Start of DATA FOR REVIEW

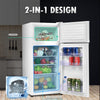 2 Door Compact Refrigerator 3.4 cu. ft. Cold-rolled Sheet Mini Fridge with Freezer & Adjustable Removable Glass Shelves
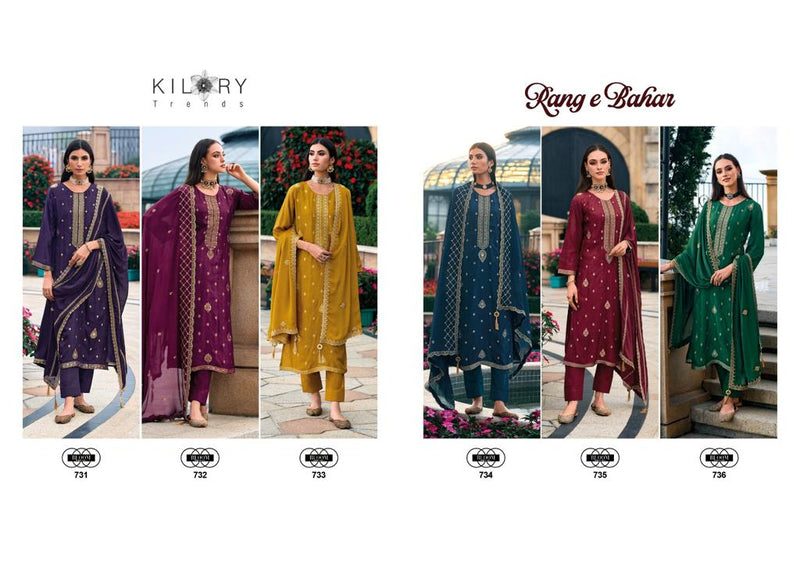 Kilory Trends Rang Bahar Jacquard  With Handwork Fancy Wear Suits
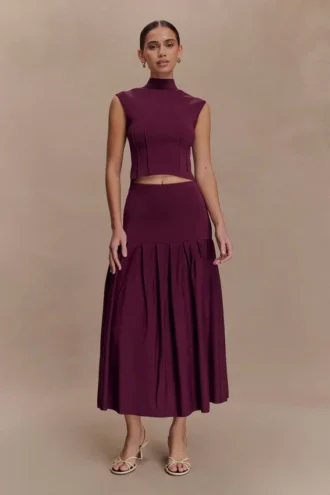 Romaine gebreid midi-rok – Wijnrood Romaine gebreid midi-rok – Wijnrood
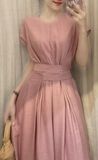  Maddison Dress - Đầm cổ tròn, dây quấn eo liền D022 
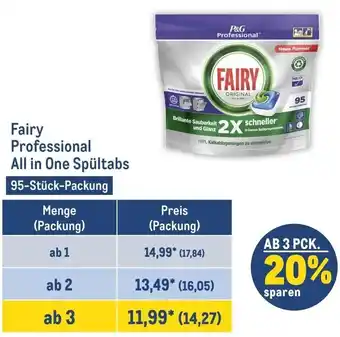 METRO Fairy Professional All in One Spültabs 95-Stück-Packung Angebot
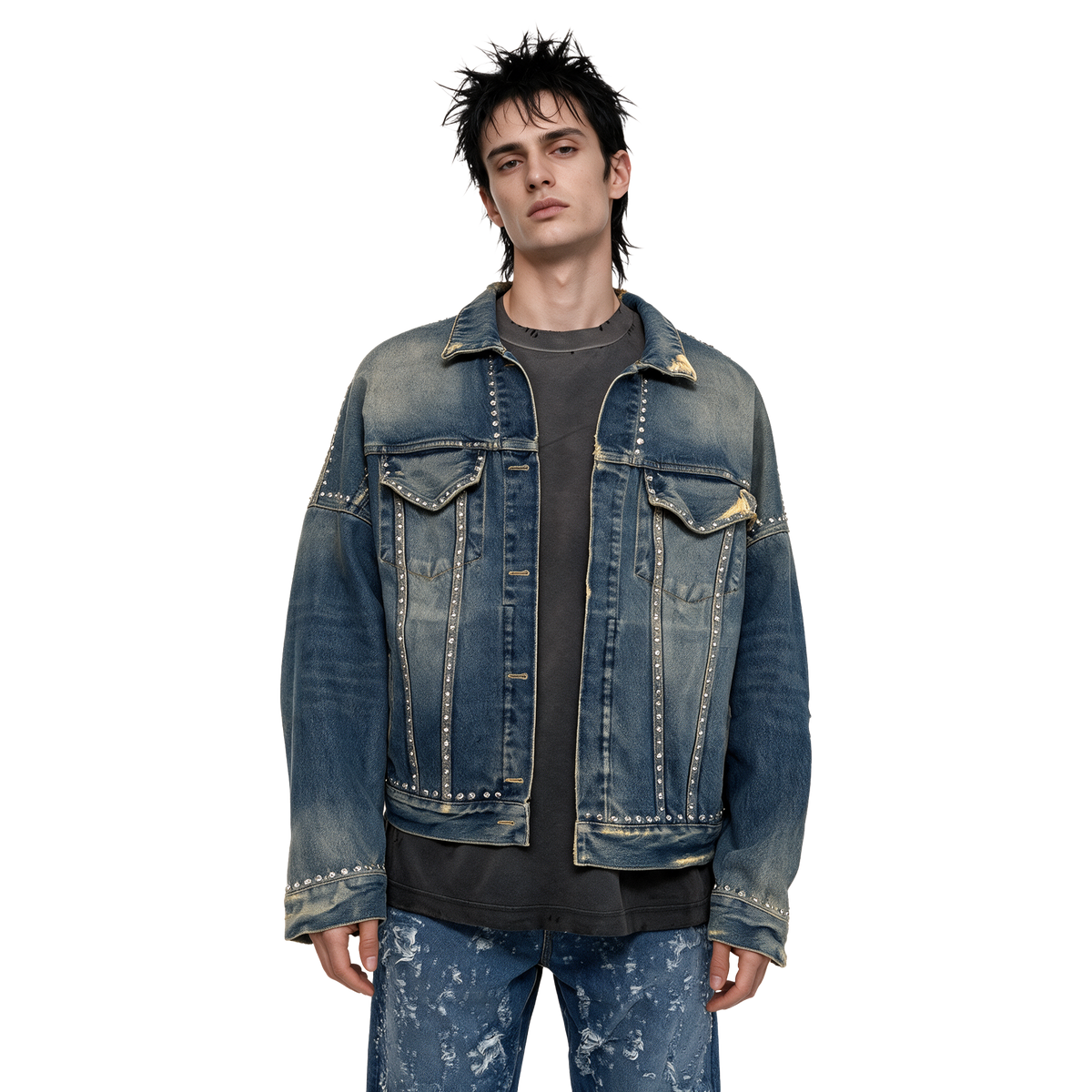 Studded Distressed Denim Trucker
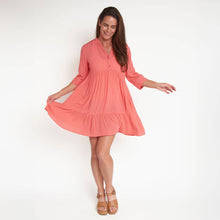 Coral Rayanne 3/4 Sleeve V-Neck Mid-Length Tiered Dress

End of DATA FOR REVIEW

Instructions for the copy: start at the first entry, stop after the line containing "Romaine gebreid midi-rok – Wijnrood Romaine", keep every line exact, and drop the pictures.

RESPONSE BOX:
 2 Door Compact Refrigerator 3.4 cu. ft. Cold-rolled Sheet Mini Fridge with Freezer & Adjustable Removable Glass Shelves
 Kilory Trends Rang Bahar Jacquard  With Handwork Fancy Wear Suits
 Romaine gebreid midi-rok – Wijnrood Romaine gebreid midi-rok – Wijnrood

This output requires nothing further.